--- Data shown Enclosed Below ---
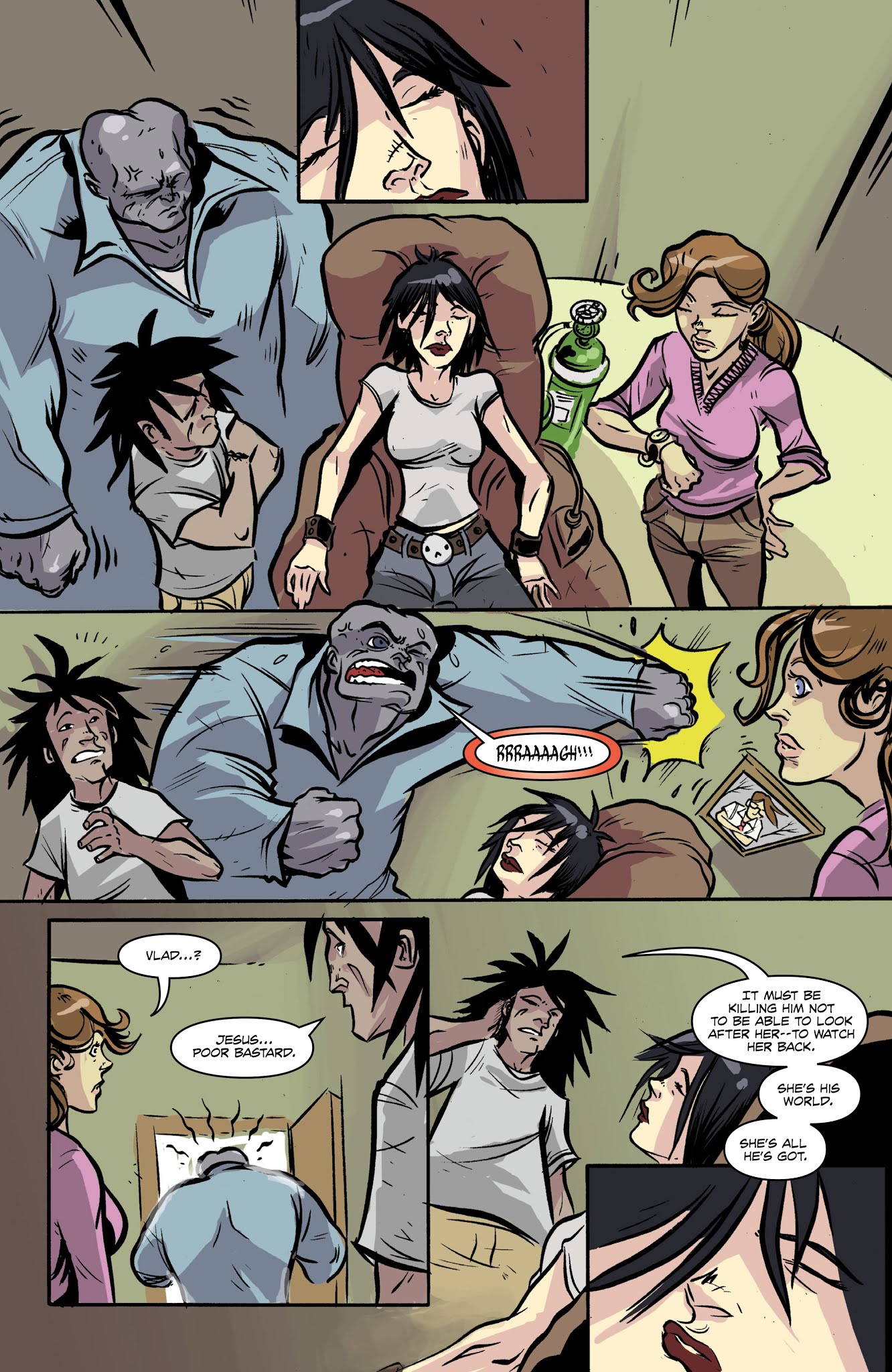 Read online Hack/Slash Omnibus comic -  Issue # TPB 1 (Part 3) - 22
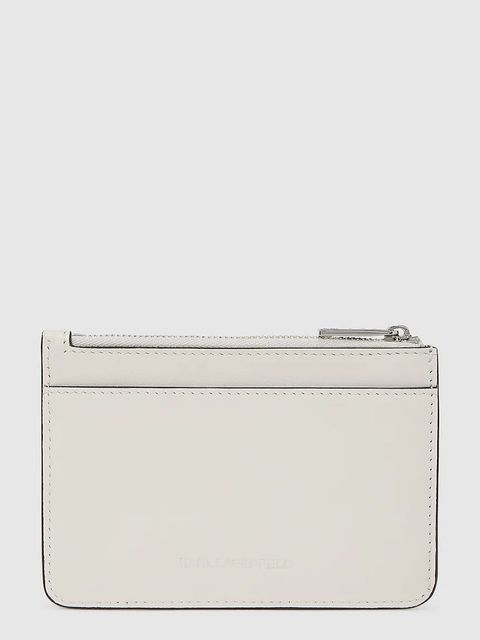 Karl Lagerfeld portfel skórzany IKON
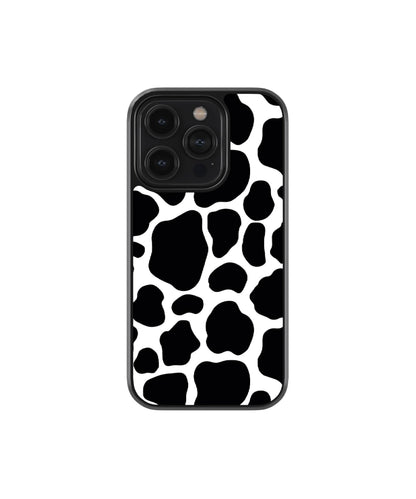 Moo | Y2k - Glass Case Cover | Code: 018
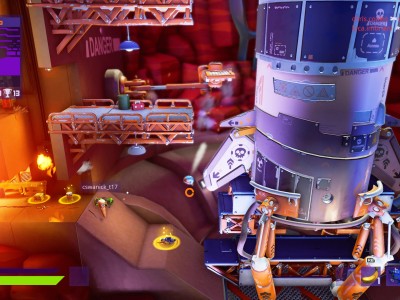 百战天虫：大混战/Worms Rumble/支持网络联机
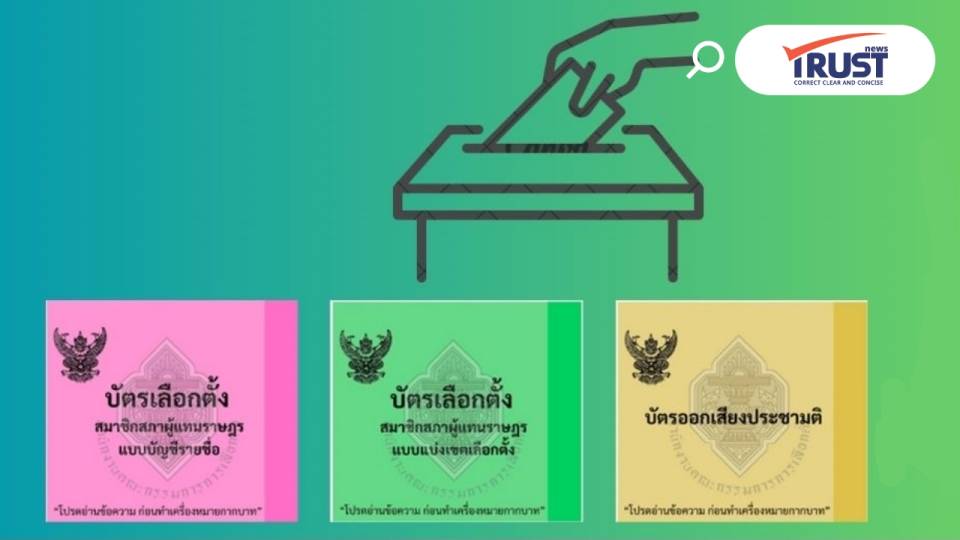 บ้านสมเด็จโพลล์ เผย คนกรุงเทพฯ รู้ 8 ก.พ.69 ต้องไปเลือกตั้งพร้อมลงประชามติ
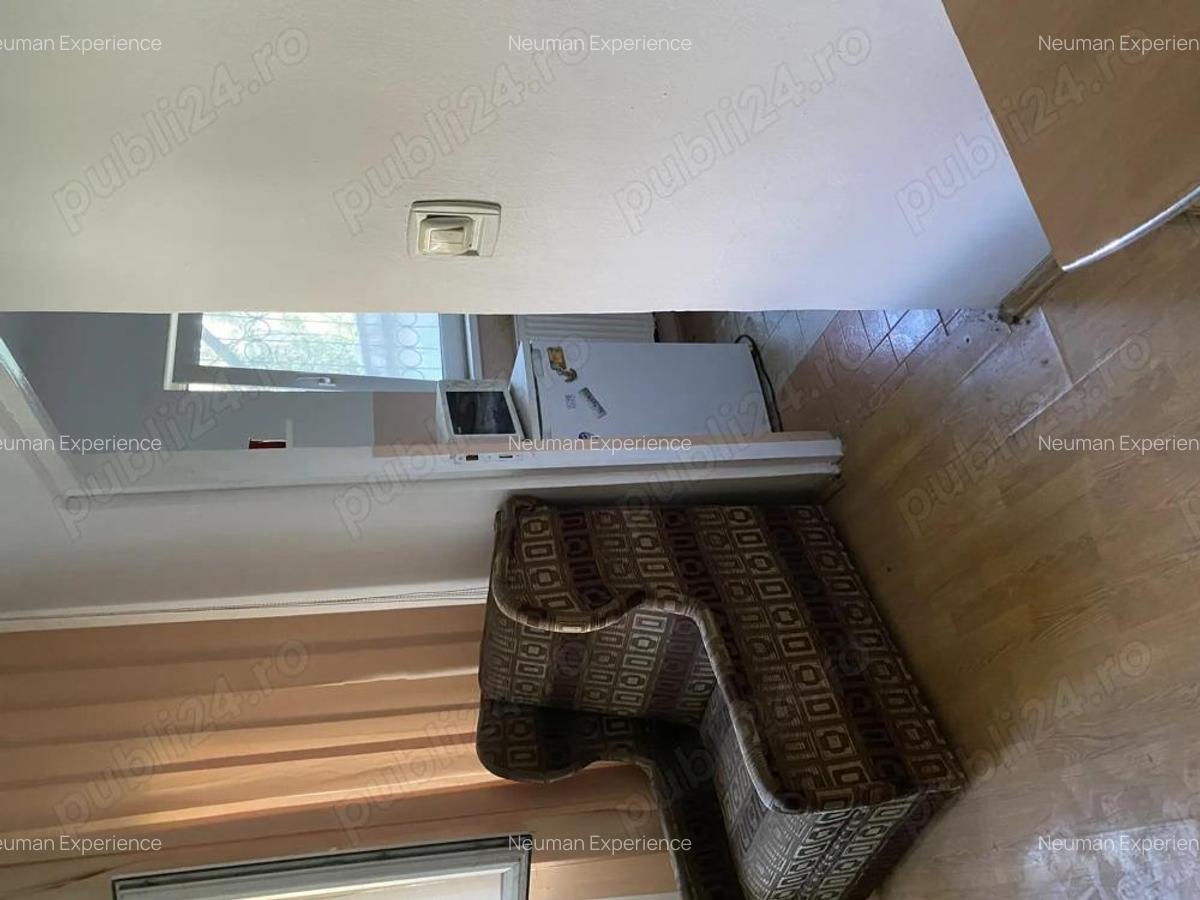 Zona Girocului, garsoniera la parter, suprafa?a utila 27 mp, pre? 55000 euro negociabil - 4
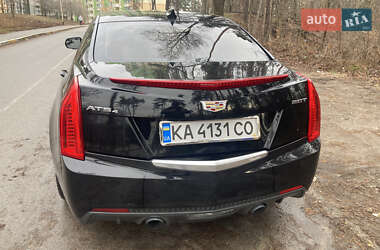 Седан Cadillac ATS 2015 в Києві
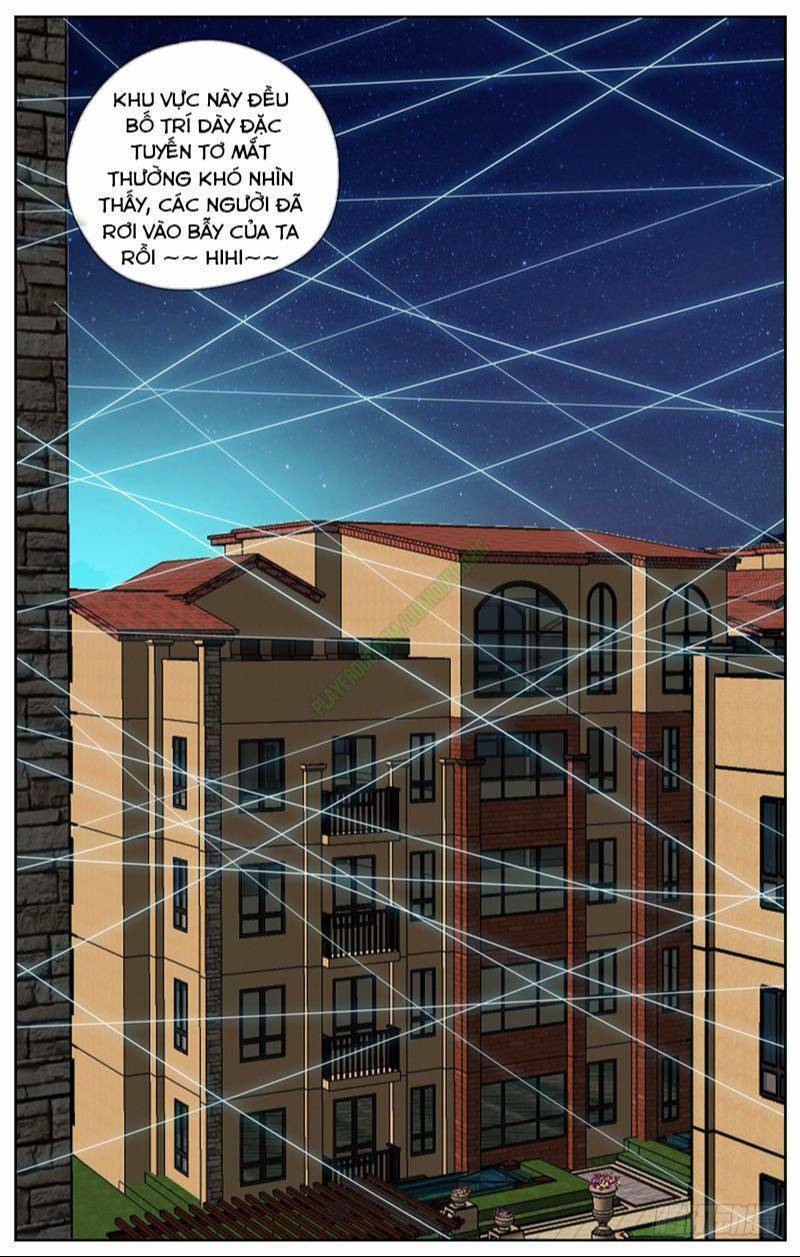 sát thủ bạch linh chapter 85 10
--- End of Enclosed Data shown ---
§ **Work item**:
Pictures aside, set down the lines from the one containing "บ้านสมเด็จโพลล์ เผย คนกรุงเทพฯ" through the end of the records above, exactly and only those.

§ **Written solution**:
 บ้านสมเด็จโพลล์ เผย คนกรุงเทพฯ รู้ 8 ก.พ.69 ต้องไปเลือกตั้งพร้อมลงประชามติ
 Zona Girocului, garsoniera la parter, suprafa?a utila 27 mp, pre? 55000 euro negociabil - 4
 Седан Cadillac ATS 2015 в Києві
 sát thủ bạch linh chapter 85 10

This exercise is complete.